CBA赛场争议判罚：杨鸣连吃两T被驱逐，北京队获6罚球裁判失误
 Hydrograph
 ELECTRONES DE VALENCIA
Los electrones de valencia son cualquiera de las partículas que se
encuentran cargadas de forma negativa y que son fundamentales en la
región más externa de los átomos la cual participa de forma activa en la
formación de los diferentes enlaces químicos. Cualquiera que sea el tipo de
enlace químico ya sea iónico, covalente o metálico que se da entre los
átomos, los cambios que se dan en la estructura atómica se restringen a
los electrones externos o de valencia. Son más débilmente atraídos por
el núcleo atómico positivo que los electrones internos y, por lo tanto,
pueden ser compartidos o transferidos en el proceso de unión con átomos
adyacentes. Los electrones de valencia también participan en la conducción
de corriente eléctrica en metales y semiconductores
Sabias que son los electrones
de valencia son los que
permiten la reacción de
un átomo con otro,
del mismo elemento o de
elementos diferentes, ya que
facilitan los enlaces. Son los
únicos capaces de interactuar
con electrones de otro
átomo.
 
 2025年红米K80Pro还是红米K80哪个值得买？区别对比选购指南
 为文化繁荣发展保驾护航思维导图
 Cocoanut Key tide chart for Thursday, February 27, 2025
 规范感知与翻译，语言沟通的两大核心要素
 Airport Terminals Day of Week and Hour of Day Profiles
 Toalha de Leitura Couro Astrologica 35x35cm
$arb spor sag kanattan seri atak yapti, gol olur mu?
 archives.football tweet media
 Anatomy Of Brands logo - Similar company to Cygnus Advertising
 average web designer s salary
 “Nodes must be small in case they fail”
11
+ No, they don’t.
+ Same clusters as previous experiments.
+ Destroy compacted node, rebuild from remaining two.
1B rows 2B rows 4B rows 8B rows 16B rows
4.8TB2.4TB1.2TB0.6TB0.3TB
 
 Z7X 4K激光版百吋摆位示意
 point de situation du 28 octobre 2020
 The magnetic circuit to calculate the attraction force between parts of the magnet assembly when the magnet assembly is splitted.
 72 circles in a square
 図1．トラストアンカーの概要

******************************

Using the entries above, copy out all lines that contain the string "they".

_Result_.
 “Nodes must be small in case they fail”
+ No, they don’t.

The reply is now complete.